Bei Peer25 bekam er sozialpädagogische Unterstützung, ihm wurde bei der Wohnungssuche geholfen und der Führerschein finanziert.

„Ich selber hätte nie die finanzielle Möglichkeit dafür gehabt, auch meine Eltern nicht. Durch den Führerschein ergaben sich dann plötzlich ganz andere Möglichkeiten“, so der 30-Jährige.

2015 begann er seine Ausbildung. Auch bei der Bewerbung und der Vorbereitung für das Vorstellungsgespräch fand er Unterstützung. Es war nicht so, dass von da an alles glatt für ihn lief.

„Ich hatte meine Probleme und die kamen immer und immer wieder zurück. Aber auch wenn etwas schiefging, hier wurde ich nie fallengelassen. Die Menschen hier haben Potential in mir gesehen und an mich geglaubt, das war unheimlich wichtig für mich“, sagt Rolf. 

Mittlerweile ist der pädagogische Heilerziehungspfleger selbst Mitarbeiter der KVHS und arbeitet als Betreuer einer Wohngruppe in Norden. Mehr als 1000 junge Menschen wurden bisher durch das Projekt begleitet, beraten und gefördert – mit dem Ergebnis, dass viele von ihnen den Einstieg in Schule, Ausbildung oder Arbeit gefunden haben. Das Projekt nutzt ein breites Netzwerk, das neben einer Jugendwerkstatt auch zahlreiche weitere Angebote der KVHS umfasst. Hierdurch entstehen vielfältige Module wie Motivationscoaching, sozialpsychologische Beratung, Zukunftswerkstätten, kreative Projekte und gemeinsame Kochkurse, die es den Teilnehmenden ermöglichen, eine Perspektive zu entwickeln und ihre individuellen Talente zu entfalten.

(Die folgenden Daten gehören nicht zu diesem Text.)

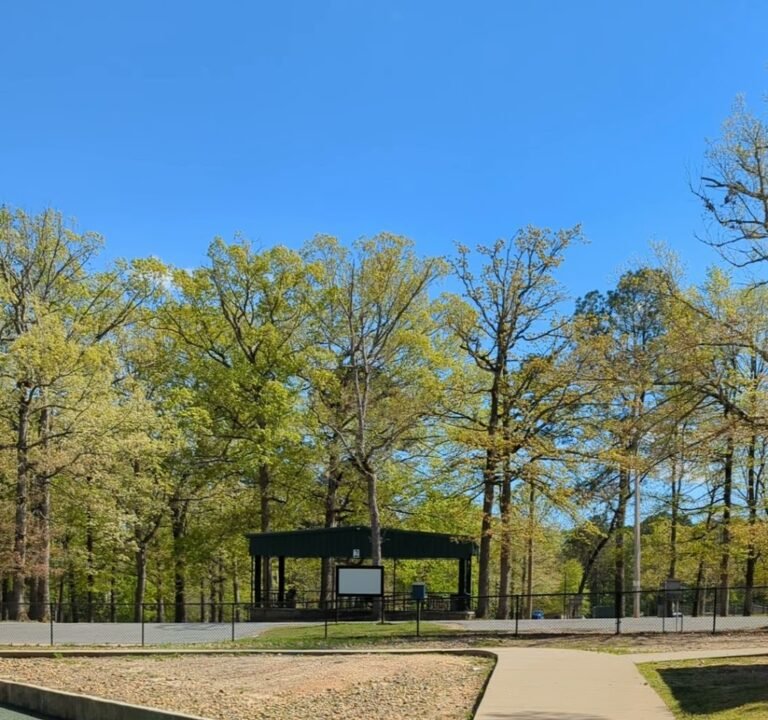 Soccer Field image 4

Ingrid Meyer, die das Projekt für die KVHS 2014 mitinitiierte, fasst das Konzept folgendermaßen zusammen:

„Erfolge erlebbar machen und dadurch die Stärken stärken. Denn nur so kann man auch die Schwächen schwächen.“

Man sei damals in einer Situation gewesen, in der viele Jugendliche mit klassischen Maßnahmenstrukturen nicht mehr erreicht werden konnten, ergänzt Michael Siefkes, der seitens des Jobcenter das Projekt von Beginn an leitete.

„10 Jahre #Peer25, das zeigt: das Projekt funktioniert und ist heute vielleicht wichtiger denn je“, sagt Friedhelm Endelmann, Gesamtbetriebsleiter der Kreisvolkshochschulen Aurich-Norden.

Für Constantin Rolf hat es funktioniert.

„Es gibt genug andere Menschen, die dieselben Probleme haben wie ich, mit Einsamkeit, mit dem Alleinsein. Viele junge Menschen erfahren keine Unterstützung von Zuhause. Das #Peer25-Projekt kann ihnen helfen. Aber natürlich müssen sie es wollen“, sagt Rolf.